I'm not sure how to get the # of faces in G, or whether it's relevant to the problem.

also this one:
show that a plane graph with v>=3 vertices has at most 2v - 4 edges

any help is appreciated.
• Apr 8th 2009, 10:35 AM
Opalg
Quote:

Originally Posted by titandude21
prove that any planar graph with very vertex having degree 5 has at least 12 vertices.

a planar graph G with all v vertices with degree 5 has 5v/2 edges
Euler's formula states that vertices - edges + faces = 2
so there are 3v/2 + 2 faces in G

I'm not sure how to get the # of faces in G, or whether it's relevant to the problem.

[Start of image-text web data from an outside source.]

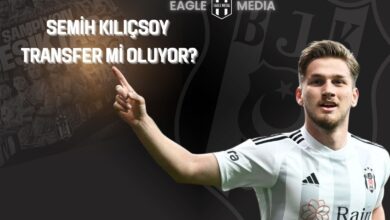 Beşiktaş formasıyla Semih Kılıçsoy’un Utrecht transferi iddialarına dair haber görseli; arkada Beşiktaşlı futbolcular ve kulüp arması yer alıyor.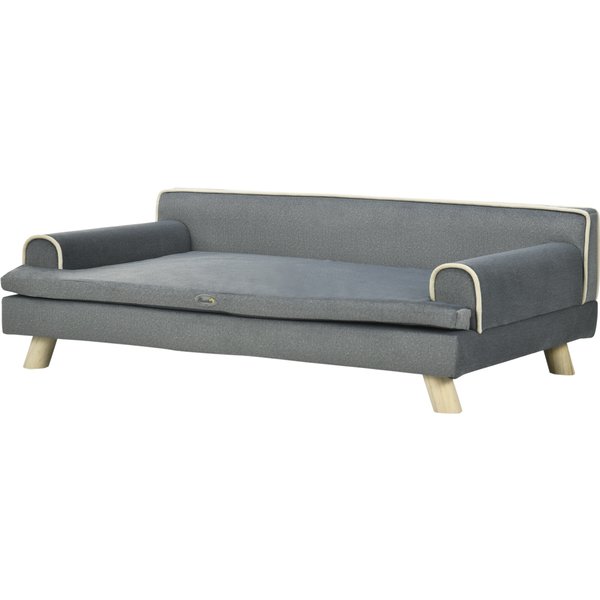 PawHut Skandinavisches Design-Sofa für Hund und Katze mit weichem abnehmbarem Kissen und massiven Holzbeinen 100 x 62 x 32 cm grau Aosom
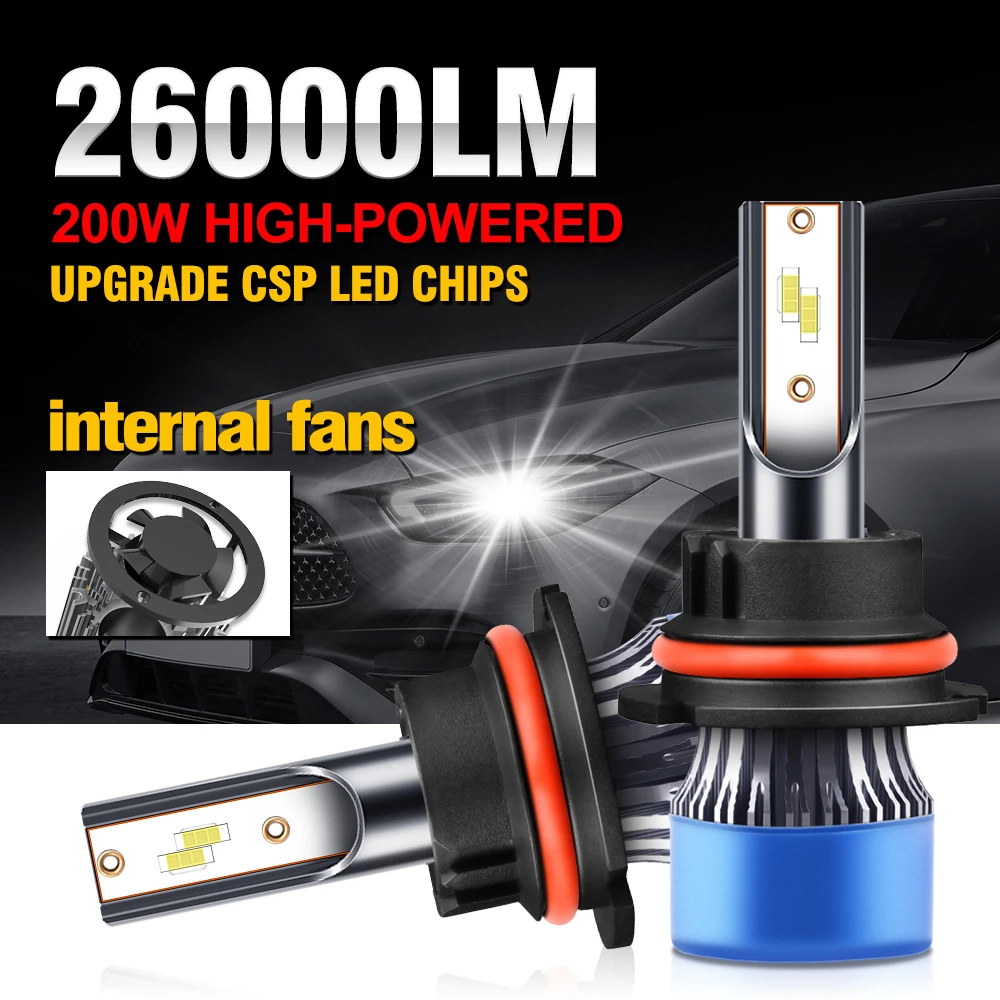 H7 LED Headlights Bulbs With Fan 200W 26000LM H1 H4 H11 9005 HB3 9006 HB4 CSP Chips Car Lights 6000K Plug&Play 12V 24V Fog Lamps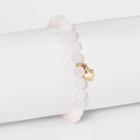 No Brand Heart Charm With Semi-precious Beaded Bracelet - Pink, Women's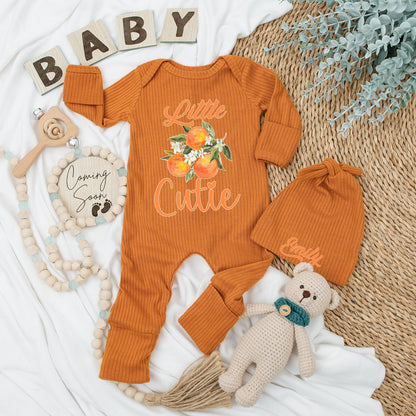 Personalized Baby Bodysuit and Hat Set Little Cutie Peach Orange Cursive Design New Baby Gift Going Home Outfit Newborn Girl Keepsake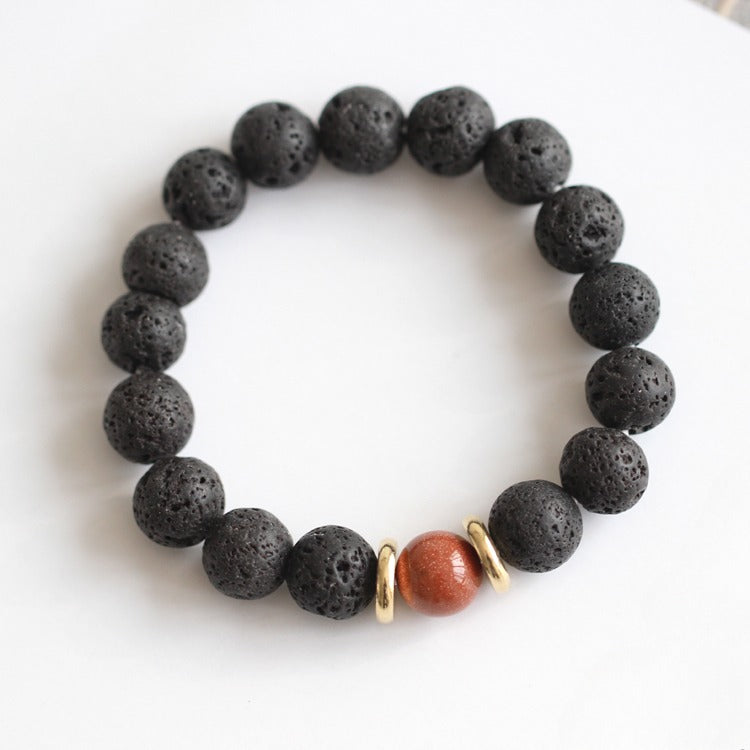 Volcanic Stone & Blue Sandstone Bracelet - Crystal Boho Couple Jewelry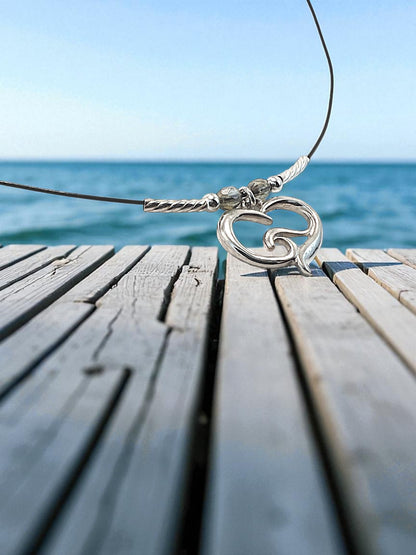 Ocean Wave Choker Necklace Sterling Silver — Ocean Wave Heart Collection - Sterling Silver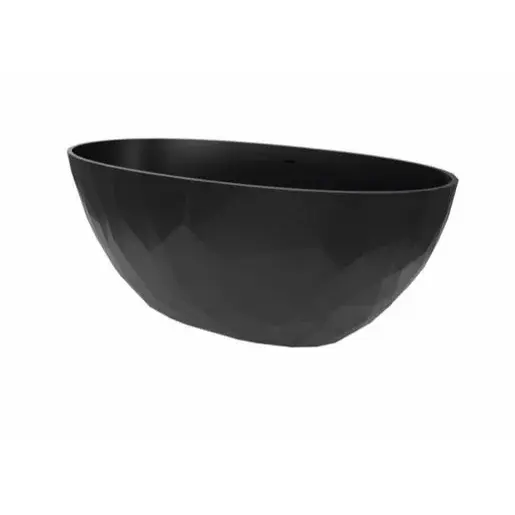 Voľne stojaca vaňa SAT Meda 167x82,3 cm liaty mramor ľavá aj pravá čierna SATME1670C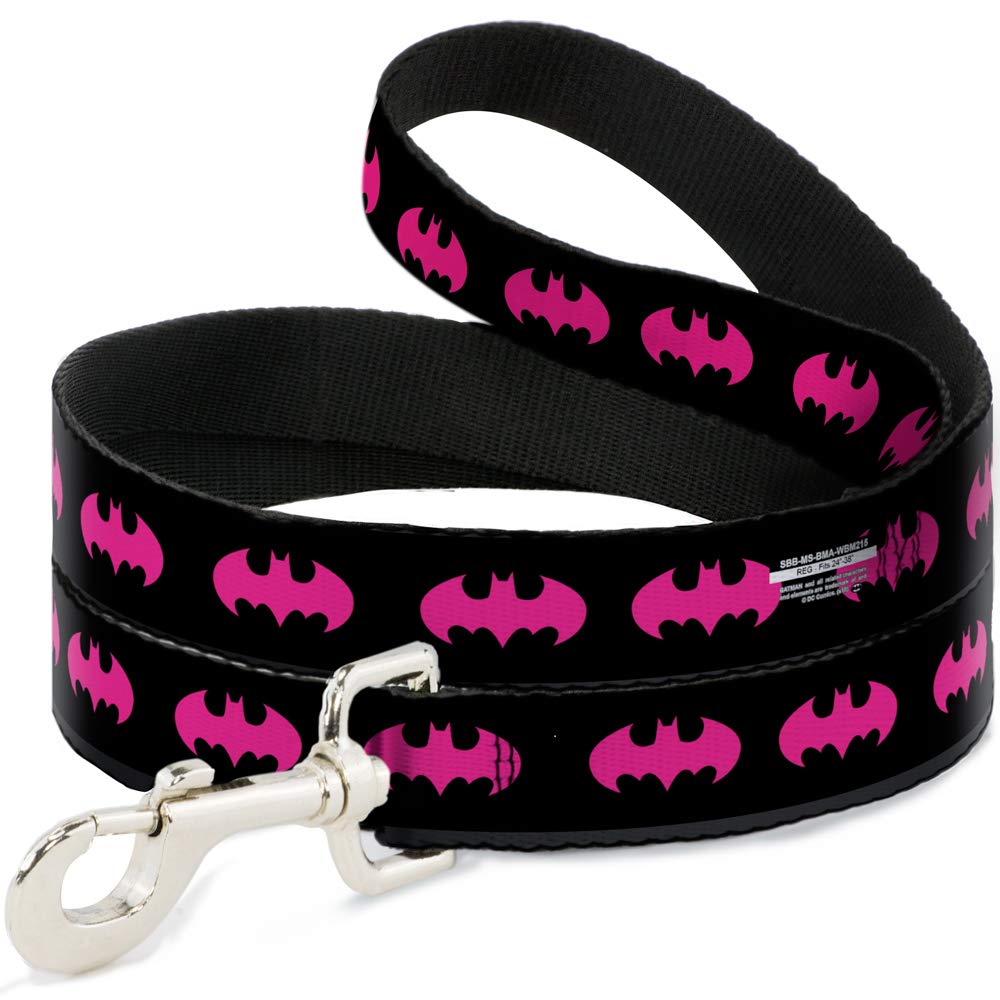 Buckle-DownDog Leash Batman Signal Black Fuchsia 6 Feet Long 1.0 Inch Wide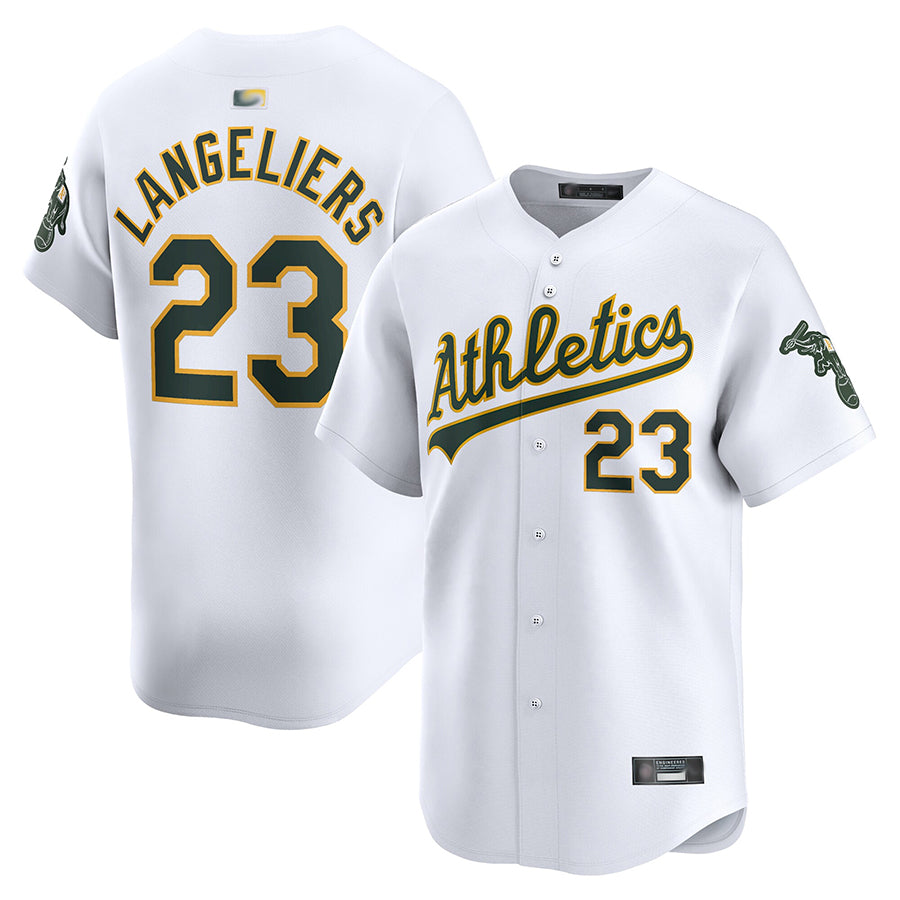 Athletics #23 Shea Langeliers Player White Home Limited Baseball Jerseys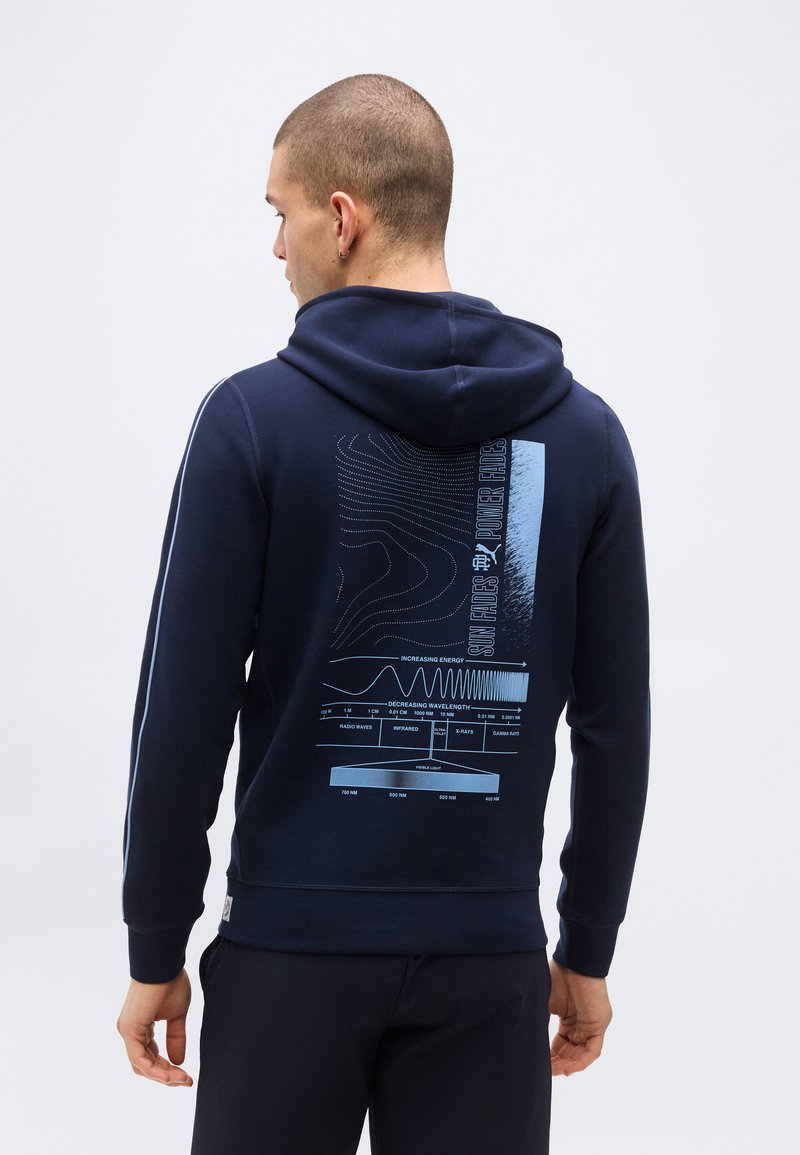 Άνδρας με μπλε σκούφο φούτερ που έχει στο πίσω μέρος γραφικό του ηλεκτρομαγνητικού φάσματος και κείμενο "Ο ΗΛΙΟΣ ΧΑΝΕΤΑΙ, Η ΙΣΧΥΣ ΧΑΝΕΤΑΙ", στέκεται μπροστά σε απλό φόντο.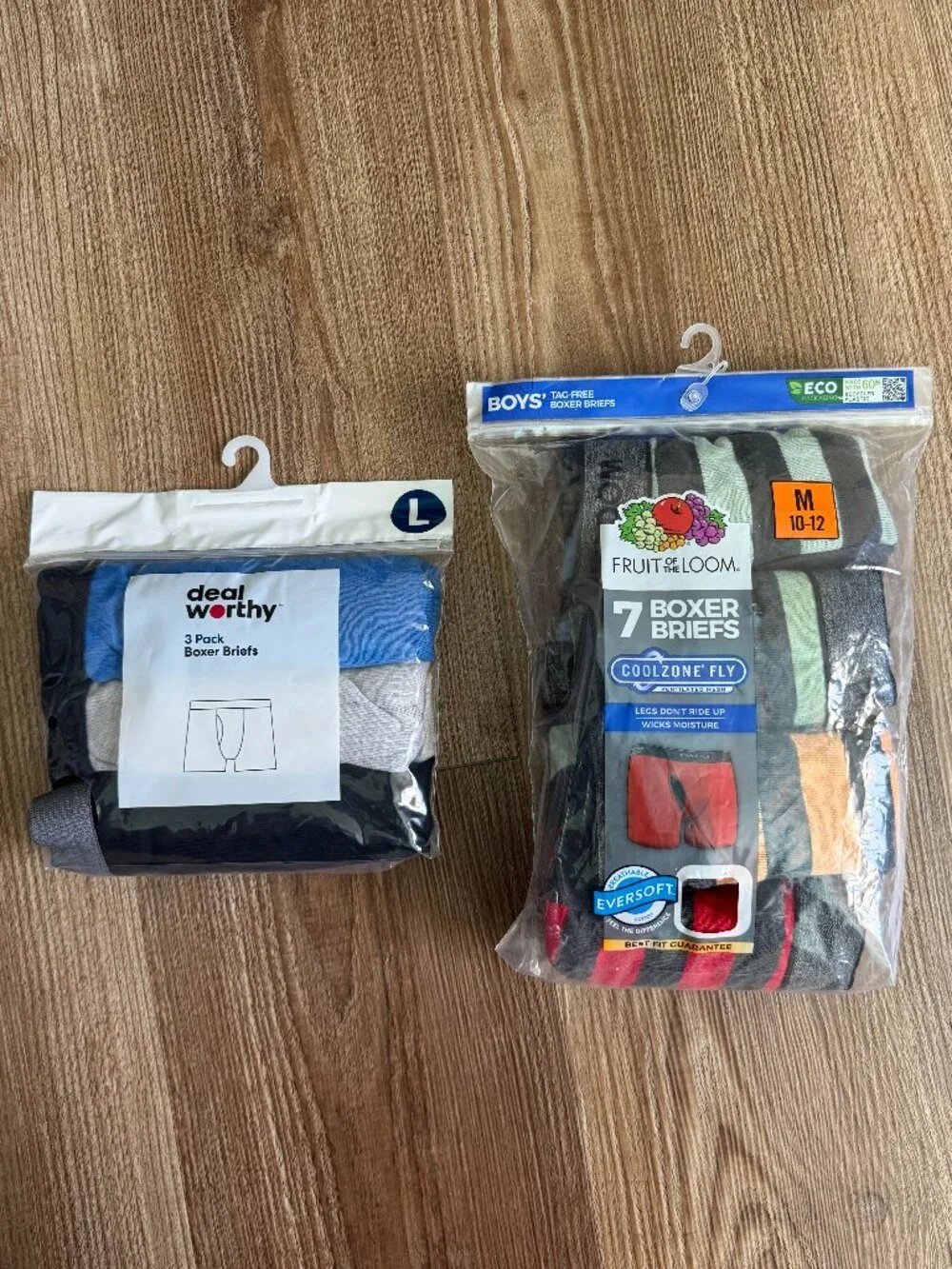 NWT (Deal Worthy / Fruit of the Loom) Boys Boxer Brief Underwear for Ages 10-12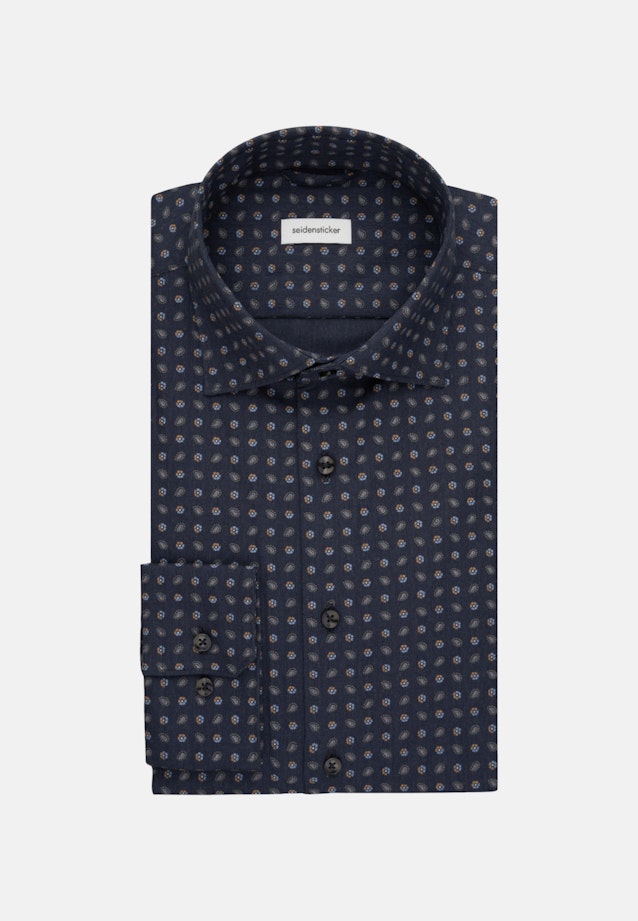Slim Flannel shirt Print in Dark Blue |  Seidensticker Onlineshop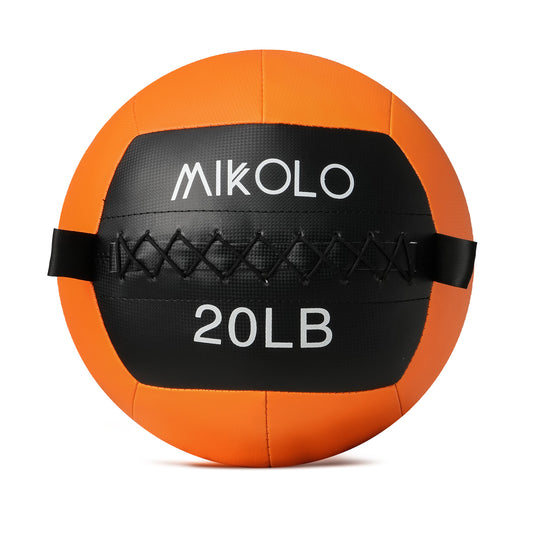 Mikolo Fitness 20LB Wall Ball, Soft Leather Medicine Ball, Orange Weighted Wall Ball with Non-Slip Grip, Full Body Dynamic Exercise Med Ball, Core Fitness, Strength Training, Conditioning Workouts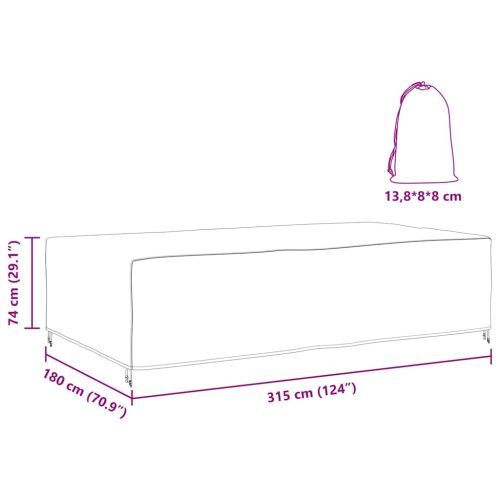  Kültéri bútorhuzat Fekete 315 x 180 x 74 cm 210D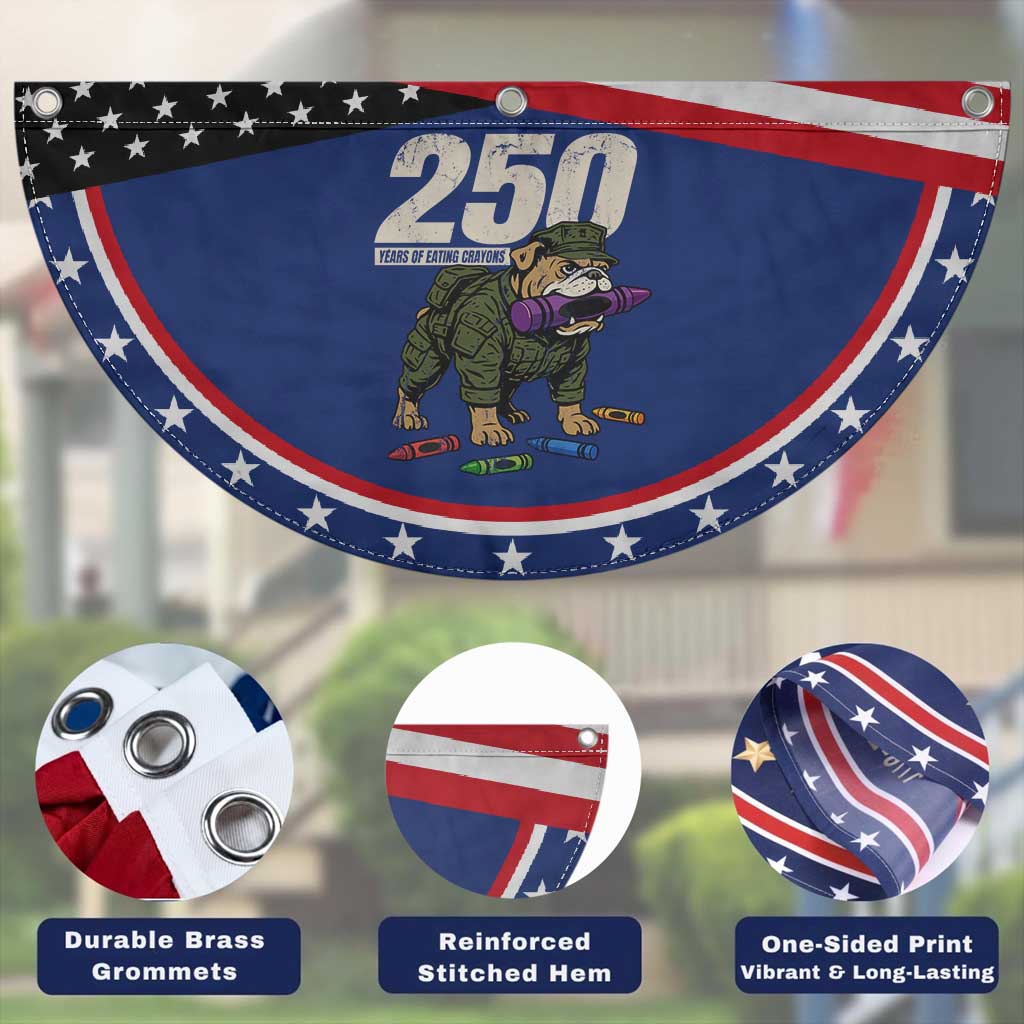 250 Years Of Eating Crayons Patriotic Fan Flag Vintage Bulldog Veteran Military Gift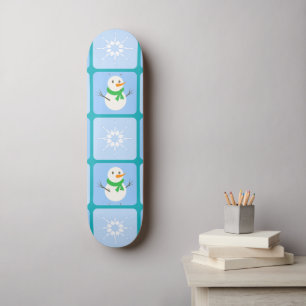 Winter geruit patroon sneeuwman en sneeuwvlokken persoonlijk skateboard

Every face must have at least 3 edges, and each edge is shared between 2 faces. So \$\displaystyle 2\bigl(\tfrac{5v}2\bigr)\geqslant3\bigl(\tfrac{3v} 2+2\bigr)\$.

Quote:

Originally Posted by titandude21
also this one:
show that a plane graph with v>=3 vertices has at most 2v - 4 edges

Not true. For example, the graph of a tetrahedron has 4 vertices and 6 edges (see attached image). What is true is that a plane graph with \$\displaystyle v\geqslant 3\$ vertices has at most 3v - 6 edges. The proof is the same as for the previous result: \$\displaystyle 2e\geqslant3f\$ together with \$\displaystyle v+f=e+2\$.